The Tribunal next considered the claim relating to political opinion. It noted that this was based upon two facts: first, the applicant’s opposition to the politician whose thugs he had beaten; and, secondly, because he had sought asylum in Australia. In respect of the first of these, the Tribunal found that the applicant had no interaction with that particular politician, or indeed any other politician, either adverse or neutral. Further, in relation to the robbery it rejected any connection with the local politician but found that even if there were a connection between the applicant’s attackers and the politician that would not create an imputed political opinion in respect of the applicant.
The Tribunal found that the applicant’s claim for asylum in Australia would not indicate a profile in opposition to the government of Sri Lanka. That was because of the large numbers of people returning from Australia having failed in their asylum claims and the evidence as to the way in which they are treated upon return. Thus, given the applicant’s low profile, and his lack of involvement in any political action or association, either positive or adverse, the Tribunal found that the applicant did not have a political opinion, actual or imputed and would not have one in the future.
The Tribunal then considered the applicant’s claim to fear harm as a member of a particular social group, namely, failed asylum seekers returned to Sri Lanka. It found that the applicant would face checks on arrival in Sri Lanka and that these may take several hours. However, on the advice of the UNHCR and the Department of Foreign Affairs and Trade, it found that, given the applicant had a profile of no significance and was not of concern for reasons of his political opinion, he would face no real chance of serious harm as a consequence of his status as a failed asylum seeker.
The Tribunal accepted that as a consequence of the applicant’s illegal departure from Sri Lanka he would be charged upon return there and would likely be held for up to two weeks pending an appearance before a magistrate. However, it found that this would be conducted pursuant to a law of general application, not as a consequence of targeting for any other reason. Further, it found that, although the prison conditions were crowded and wanting in terms of Australia’s standard of hygiene, they would not be cruel or unusual and so he would not face harm sufficient to amount to serious harm within the meaning of s.91R(2) of the Migration Act 1958.
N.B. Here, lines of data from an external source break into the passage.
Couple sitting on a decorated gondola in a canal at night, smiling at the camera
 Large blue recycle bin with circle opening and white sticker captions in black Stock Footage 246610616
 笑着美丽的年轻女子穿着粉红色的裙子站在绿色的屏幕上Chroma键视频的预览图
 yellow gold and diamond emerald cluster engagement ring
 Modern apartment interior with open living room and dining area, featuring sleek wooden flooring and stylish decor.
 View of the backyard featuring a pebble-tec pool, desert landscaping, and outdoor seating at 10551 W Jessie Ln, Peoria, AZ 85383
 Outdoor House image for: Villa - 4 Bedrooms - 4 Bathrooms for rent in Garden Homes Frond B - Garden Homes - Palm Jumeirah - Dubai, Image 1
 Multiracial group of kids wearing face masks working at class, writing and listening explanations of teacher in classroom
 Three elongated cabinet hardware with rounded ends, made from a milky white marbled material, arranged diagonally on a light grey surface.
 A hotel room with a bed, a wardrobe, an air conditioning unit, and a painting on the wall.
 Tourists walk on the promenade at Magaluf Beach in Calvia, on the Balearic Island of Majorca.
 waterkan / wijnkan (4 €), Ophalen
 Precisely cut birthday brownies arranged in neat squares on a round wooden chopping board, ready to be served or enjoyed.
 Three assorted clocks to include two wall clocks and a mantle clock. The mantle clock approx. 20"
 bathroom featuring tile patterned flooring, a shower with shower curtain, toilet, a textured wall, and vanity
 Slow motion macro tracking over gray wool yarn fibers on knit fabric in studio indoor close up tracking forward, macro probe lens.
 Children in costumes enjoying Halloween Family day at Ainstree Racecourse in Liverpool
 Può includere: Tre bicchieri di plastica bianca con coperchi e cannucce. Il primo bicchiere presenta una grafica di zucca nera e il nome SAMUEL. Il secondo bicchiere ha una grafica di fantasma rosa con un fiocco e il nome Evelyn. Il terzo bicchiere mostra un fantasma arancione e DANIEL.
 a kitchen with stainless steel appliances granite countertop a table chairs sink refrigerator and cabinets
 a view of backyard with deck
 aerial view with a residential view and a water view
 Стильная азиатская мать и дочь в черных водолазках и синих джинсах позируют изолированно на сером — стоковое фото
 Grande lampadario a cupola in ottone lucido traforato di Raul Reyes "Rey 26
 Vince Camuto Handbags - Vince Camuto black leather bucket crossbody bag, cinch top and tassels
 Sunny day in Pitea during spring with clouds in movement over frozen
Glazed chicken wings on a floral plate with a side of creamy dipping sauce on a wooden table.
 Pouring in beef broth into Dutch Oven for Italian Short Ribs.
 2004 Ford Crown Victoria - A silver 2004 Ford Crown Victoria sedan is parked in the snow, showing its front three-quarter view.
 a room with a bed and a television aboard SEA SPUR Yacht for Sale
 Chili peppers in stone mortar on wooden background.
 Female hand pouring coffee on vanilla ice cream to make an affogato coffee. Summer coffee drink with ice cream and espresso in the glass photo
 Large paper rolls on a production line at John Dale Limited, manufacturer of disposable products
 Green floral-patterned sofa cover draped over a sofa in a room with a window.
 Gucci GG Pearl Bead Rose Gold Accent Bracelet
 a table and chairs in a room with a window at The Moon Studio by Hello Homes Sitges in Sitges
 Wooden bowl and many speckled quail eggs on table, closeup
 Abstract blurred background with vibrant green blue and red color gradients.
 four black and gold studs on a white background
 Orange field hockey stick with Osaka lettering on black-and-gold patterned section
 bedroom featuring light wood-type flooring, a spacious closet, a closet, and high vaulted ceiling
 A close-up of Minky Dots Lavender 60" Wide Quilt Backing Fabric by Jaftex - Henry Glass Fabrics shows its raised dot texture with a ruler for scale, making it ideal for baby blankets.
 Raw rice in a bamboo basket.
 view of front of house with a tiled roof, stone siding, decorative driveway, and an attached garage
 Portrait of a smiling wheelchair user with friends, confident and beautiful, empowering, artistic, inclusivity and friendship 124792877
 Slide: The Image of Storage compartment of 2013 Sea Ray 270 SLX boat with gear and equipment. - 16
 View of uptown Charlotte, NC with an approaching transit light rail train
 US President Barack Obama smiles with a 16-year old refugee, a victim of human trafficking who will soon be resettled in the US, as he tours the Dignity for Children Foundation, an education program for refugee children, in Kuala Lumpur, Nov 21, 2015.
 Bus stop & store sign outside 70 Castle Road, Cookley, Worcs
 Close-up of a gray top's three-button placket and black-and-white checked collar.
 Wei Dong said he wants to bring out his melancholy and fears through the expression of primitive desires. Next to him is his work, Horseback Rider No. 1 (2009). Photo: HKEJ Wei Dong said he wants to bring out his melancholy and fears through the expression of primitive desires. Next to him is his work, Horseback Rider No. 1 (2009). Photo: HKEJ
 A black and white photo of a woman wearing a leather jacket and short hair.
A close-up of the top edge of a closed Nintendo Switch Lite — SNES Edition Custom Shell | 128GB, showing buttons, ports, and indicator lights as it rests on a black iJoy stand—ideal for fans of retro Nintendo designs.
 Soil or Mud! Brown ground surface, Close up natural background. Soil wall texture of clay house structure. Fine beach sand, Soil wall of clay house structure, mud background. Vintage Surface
For those reasons, the Tribunal found that the applicant did not satisfy the criterion in sub-s.36(2)(a) of the Act and turned to consider the criterion in sub.s.36(2)(aa). In this respect the Tribunal accepted that the applicant came from a poor background and that employment for him was at a menial level and possibly difficult to find. It already noted that he may be held in detention for a period of up to two weeks. However, it found that no hardship as a result of those two matters was the result of an intent or discrimination and that he was not at risk of being deprived of his life, suffering torture or being subjected to other cruel or inhumane treatment, or degrading treatment or punishment within the meaning of the Act.
Further, in respect of the attack upon him by the drunk men, he was not satisfied that he would face further such incidents at the level of harm described in s.36(2A) of the Act. For those reasons, the Tribunal was not satisfied that the applicant satisfied the criterion in sub-s.36(2)(aa) and therefore that he did not satisfy the criteria for the grant of a protection visa and affirmed the decision under review.
Consideration
The amended application contains four grounds.
Ground 3
The third ground concerns the Tribunal’s consideration of the period of detention likely to be faced by the applicant on return to Sri Lanka. The applicant does not press that ground in light of the recent decision of the High Court in Minister for Immigration & Border Protection v WZAPN (2015) 89 ALJR 639.
Ground 1
The first ground focuses, at least initially, on the finding by the Tribunal at [153] of its reasons, that the first incident relied upon by the applicant was not for reasons of race, religion or politics as claimed by him:
[153]In regard to the three incidents of concern the applicant put to me at the Tribunal hearing. I finding the first did not involve him at all and his description was such that I remain unsatisfied that it was for reasons of race, religion or politics.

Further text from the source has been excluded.